# Hausdorff Dimension

• Jan 25th 2009, 11:58 AM
Lighterning
Hausdorff Dimension
Hi all,

I would like to prove rigorously that the fractal dimension of the unit interval is one. Indeed, it feels obvious from the definition of the Hausdorff Measure that at dimension 1, it measures length.

It is relatively easy to prove that the Hausdorff measure is zero for dimensions greater than 1, but showing the Hausdorff Measure is infinity for dimension less than 1 and indeed 1 when looking at dimension equal to one is proving more difficult.

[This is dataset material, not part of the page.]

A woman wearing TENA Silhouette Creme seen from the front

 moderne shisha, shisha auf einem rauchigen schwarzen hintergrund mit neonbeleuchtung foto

Consider just the half interval $I=(0,1)$.
Let's suppose that $\mathcal{H}^{1-\lambda}(I)$ is finite for some $0<\lambda<1$. Choose a covering $(S)$ of $I$ costisting of intervals of individual length $\delta>0$. Their number must be no less than $\left[1/\delta\right]$ (as $(S)$ is also a covering for the Lebesgue measure of I in $\mathbb{R}$). This means that the related Hausdorff sum will be equal to $C\delta^{1-\lambda}\left[1/\delta\right]$, where $C$ is a constant not depending on $\delta$ or $(S)$. So, the infimum $m(\delta)$ of all such partitions (which we assumed exists) satisfies $m(\delta)\geq C\delta^{1-\lambda}\left[1/\delta\right]$. Now in the last relation, the limit of the right hand side as $\delta\rightarrow0$ behaves like the limit of $\delta^{-\lambda}$ as $\delta\rightarrow0$, which is infinite. A contradiction.